Land Acquisition, Development, and Construction Loan Availability Continues to Tighten in Q3

According to both the Federal Reserve’s survey of senior loan officers and the National Association of Home Builders (NAHB) survey on residential Land Acquisition, Development & Construction (AD&C) financing, the availability of loans for AD&C continued to tighten in Q3. Both surveys produce a net easing index that is positive when credit is easing and negative when credit is tightening.

In Q3, both the NAHB and Fed indices were negative, indicating that builders and lenders were once again in agreement that credit was, on net, tightening. The NAHB index posted a reading of a negative 49.3—considerably lower that the negative 35.3 reading in Q2 and the most widespread tightening by builders since the 2010 trough of the Great Recession, according to the NAHB.

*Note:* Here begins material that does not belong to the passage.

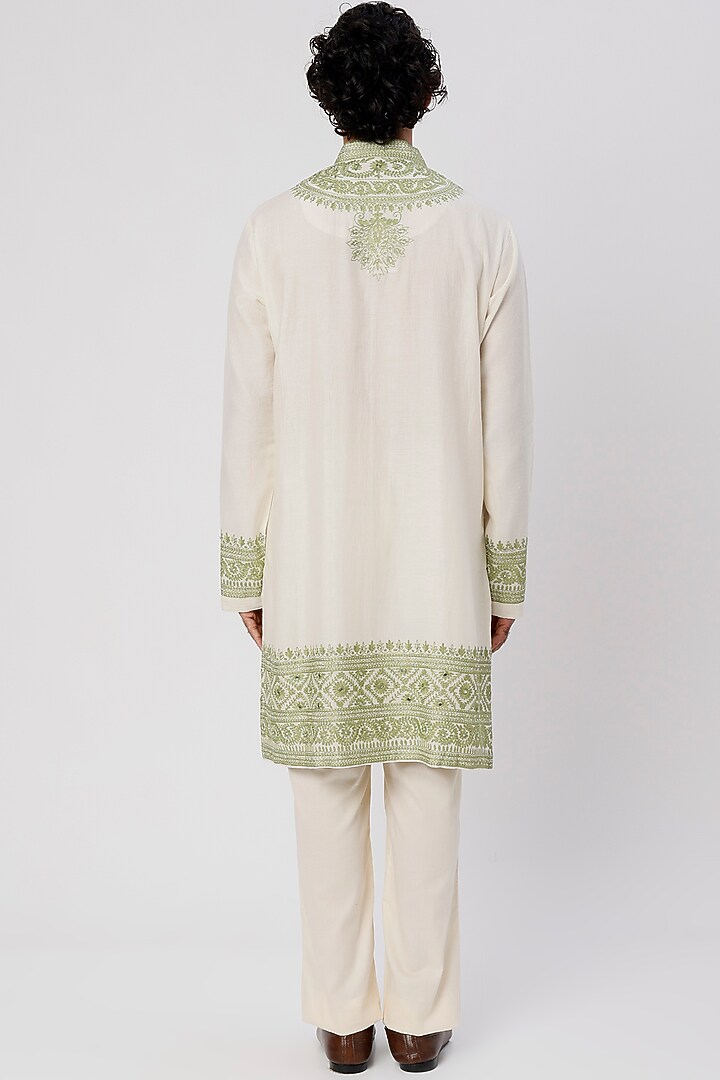 Ivory Kurta Set With Embroidery by Wabi Sabi Men at Pernia's Pop Up Shop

Both the Fed and NAHB indices shifted from net easing to net tightening at the start of 2022 and have now remained in negative territory for the past seven quarters.

According to the NAHB survey, the most common ways in which lenders tightened credit during the third quarter were by increasing the interest rate on the loans (cited by 80% of the builders and developers who reported tighter credit conditions), reducing the amount they are willing to lend (57%), and lowering the allowable Loan-to-Value or Loan-to-Cost ratio (52%).